Hinkie Wants to Run It Back

By Sean Kennedy (@PhillyFastBreak)

Hinkie Wants to Run It Back
Only hindsight will tell whether these past two drafts have been successful for the Sixers.

In Hinkie we trust? If you don’t consider yourself a person of faith, but you’re a Sixers fan, it’s time to reclassify yourself in that regard. We the people are blindly following GM Sam Hinkie as he guides us through the deserts of basketball ineptitude. I can only hope the promised land waits for us down the road.

The Sixers continue to hold fast to their philosophy of asset accumulation, building up the ammunition to make that run at a franchise game-changer when the time is right. Apparently, they determined that Andrew Wiggins was not that guy, as, despite numerous rumors flying around, they seemingly had no interest in trading up to the first overall pick.

Give up multiple valuable assets just to move up a couple spots? Uh uh, Hinkie don’t play that. It seems like Joel Embiid was their target all along, as the team already had the promotional material out there in the middle of the night following the draft.
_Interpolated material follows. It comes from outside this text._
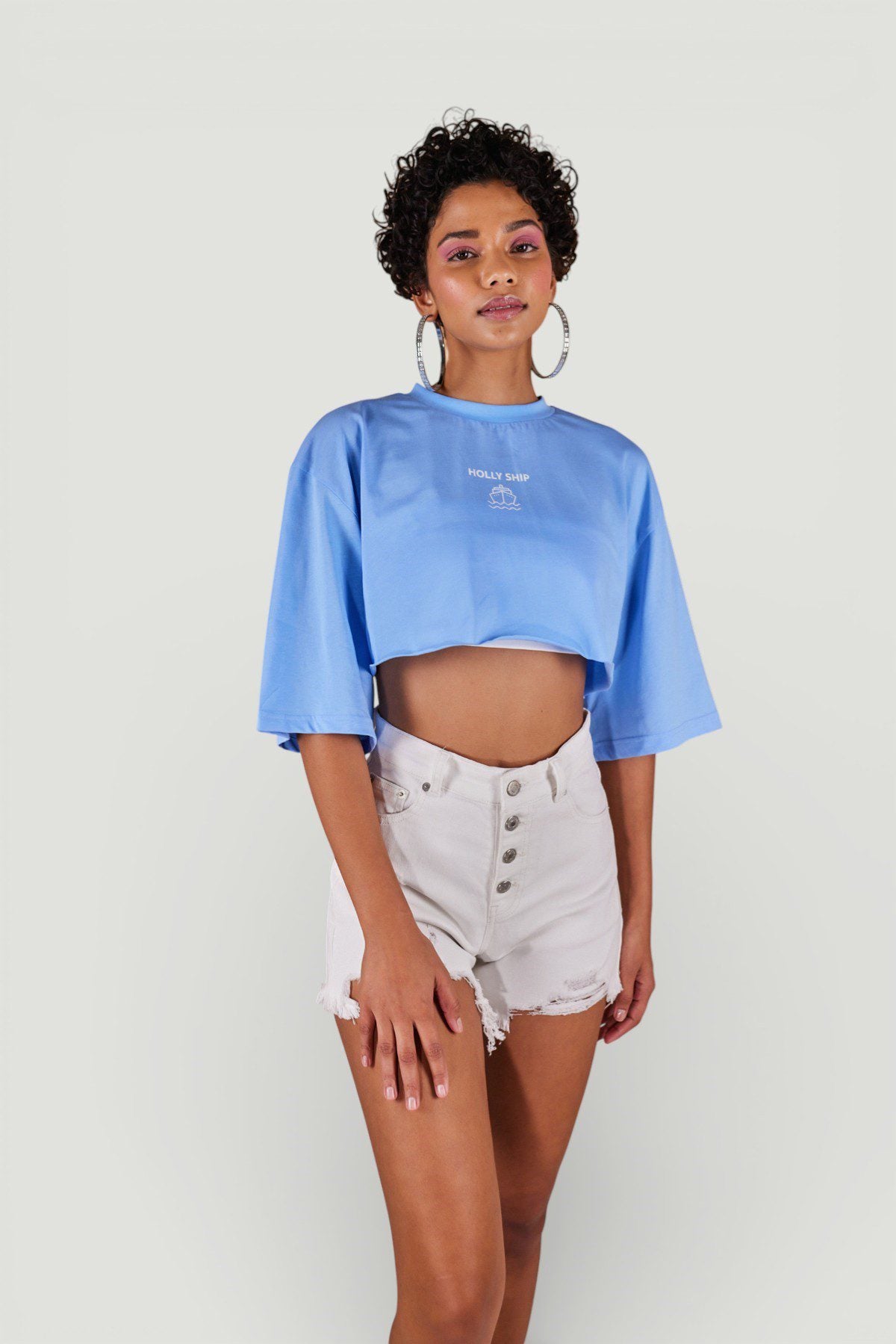 Holly Crop T-Shirt mit Rundhalsausschnitt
Here’s the good news: for the second straight draft, the Sixers landed the player widely considered to be the best talent in the draft. The flip side is that the player in question is once again unlikely to suit up for the team the entire following season. Fans will have another long season of tanking to look forward to before the team winds up back in the upper portion of the lottery again next season. Call up Denzel Washington because we have a serious case of deja vu on our hands.

The Sixers’ next selection continued along those lines as they worked out a deal with Orlando to swap the 10th and 12th picks, getting their own future first-round pick back from the Dwight Howard/Andrew Bynum trade, and a 2nd-rounder next year in the process. Then, the team grabbed Dario Saric, the Croatian big man who just signed with a squad in Turkey and won’t be over in the NBA for at least the next two years.

First off, great job by the Sixers getting a future first-rounder just to move down two spots and still draft the player the team wanted. This deal was classic Hinkie and shows he’s an extremely skilled manager of resources. Still, a team that won 19 games a season ago had two picks in the top 10 and neither is likely to take the court next season. I love the big-picture thinking but I’m only human and at some point, I’d like to see this long-term rebuild start taking effect with actual quality NBA basketball.

The second round, naturally, saw the Sixers take a slew of high-upside guys. At 32, they grabbed K.J. McDaniels out of Clemson, an uber-athletic wing who led the ACC in blocks as a small forward. With the 39th pipe, the Sixers kept their Syracuse pipeline open, taking Jerami Grant, who can fill in as the poor man’s Thad Young when he leaves after this season, at the latest. The team continued to Hinkie around with the 47th selection, sending Russ Smith to New Orleans for Pierre Jackson, a guy the team sent out as the 42nd pick last year as part of the Jrue Holiday / Nerlens Noel deal. After playing college ball at Baylor, Jackson was in the D-League last year, and is very athletic but stands at just 5’10”.

The team’s first selection in the fifties went to Vasilije Micic out of Serbia, a talented point guard who apparently is many years away from coming over from Europe. Good move getting a talented guy to stash overseas here, the team can only have so many first and second-year guys fighting for roster spots this season. Finally, the team traded Nemanja Dangubic at 54 to San Antonio for picks 58 and 60. With 58, the Sixers drafted Jordan McRae, a shooting guard out of Tennessee who will team with Jackson to give the Sixers 2(!) average outside shooters out of this draft class. Pick 60 was sent to Brooklyn, apparently for cash, I suppose because Hinkie wanted to get one more trade in before the night was over.

What are your thoughts on the draft? The moves are all well thought out with a long-term vision clearly in mind, but do you feel that’s worth it for another painful season to watch on the court? Or are you just going to hibernate until 2016 and hopefully marvel at the young contender the Sixers have put on the floor? At the very least, the days of Sixers management being boring are long gone.